The underlying message is that everything is a choice. When we commit our time, we make the choice to say no to everything else that could have been possible for us at that time. In the book, McKeown shares an animal conditioning study. Using shock treatment, dogs were put into a state of learned helplessness. We are not immune to the effects of conditioning on our thoughts. Stifled for long enough, we forget that each of us has the power to choose. Choosing to do “less but better” is only available to those who consciously understand that everything is a trade-off. Time is fixed and needs to be treated like gold.
“Sometimes what you don’t do is just as important as what you do.” says Warren Buffett.
McKeown makes the point by illustrating that certain activities can be exponentially more rewarding than others. From his first job as a paperboy, he quickly realized that if he was going to save for the things that he wanted, he would need to find a way to produce more with less. He realized that he could start by washing his neighbours cars and immediately double what he was making delivering papers. As McKeown says,
“the essentialist discerns more so he can do less”.
Eduttainable Idea #2
Subtraction is useful. McKeown suggests that it is vital to subtract. Remove obstacles that get in the way of doing what is important. McKeown shares a story about a factory worker who manages operators of large industrial equipment. The manager is tasked with increasing efficiency. During a scouts leadership expedition with his son, he makes a sudden realization that solves his problem.
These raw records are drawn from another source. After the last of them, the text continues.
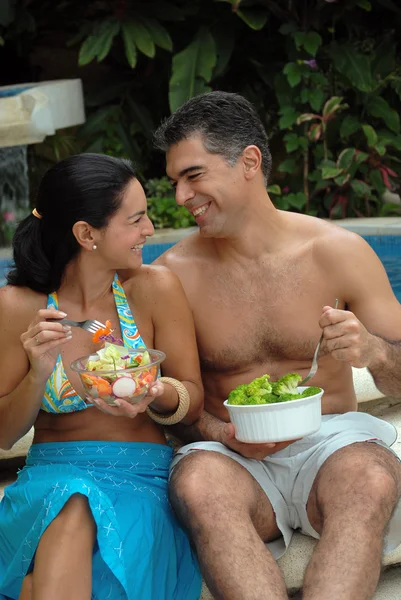 Casal jovem comendo salada atrás de uma piscina . — Fotografia de Stock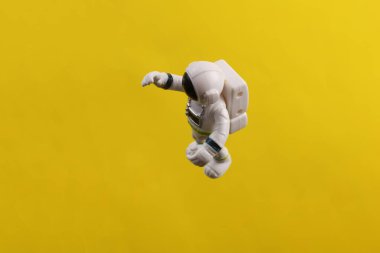 Oyuncak astronot modeli sarı arka planda anti yerçekiminde uçuyor.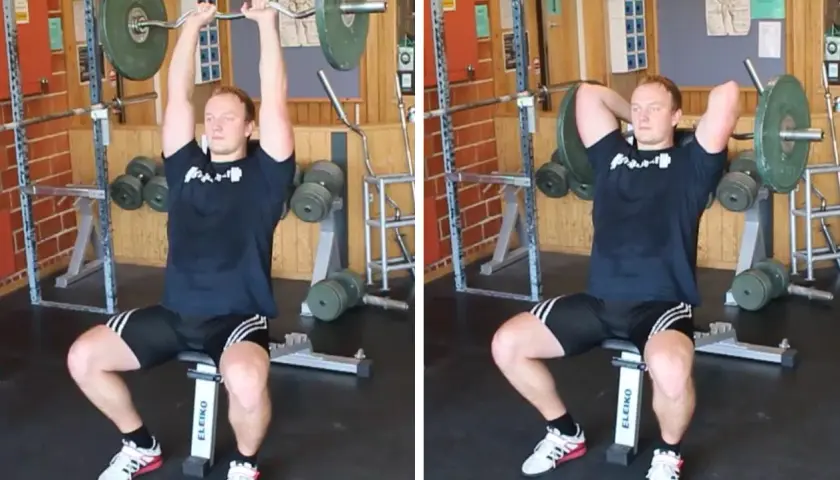 Man utför french press i gym. Han sitter på en bänk och håller en skivstång över huvudet.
The scouts had to be at their destination before nightfall. When walking down the trail, the faster children would be so far ahead of the others that frequently they had to wait for everyone to catch up. This held them back. It became clear that the slowest hiker had to speed-up. By helping the slowest member of the group, it increased the speed of the entire group. By removing items from the child’s backpack and sharing the items with the group, the entire group move faster.
This plant manager had removed the weakest link. By focusing on the least efficient part of the process, he found a way to increase overall productivity. By subtracting what’s nonessential, it creates the possibility for dramatic improvements. The key is to identify what is nonessential. Now is the time to remove the obstacles that are preventing you from getting to where you want to be.
“Removing obstacles does not have to be hard or take a superhuman effort. Instead, we can start small. It’s kind of like dislodging a boulder at the top of a hill. All it takes is a small shove, then momentum will naturally build.” says McKeown.
10,000 feet view
Remember one thing, “less but better”. Getting clear on what you want is at the root of it. If you don’t know what you want, everything will be important. If you can get clear, you begin to see what’s possible. It is worth the time to gain clarity. The courage to say no is an essential idea that underscores our ability to do the right thing. We need to be able to say no to things in order to say yes to what’s important. Most things are not important. Give special attention to your choices. What is essential to you?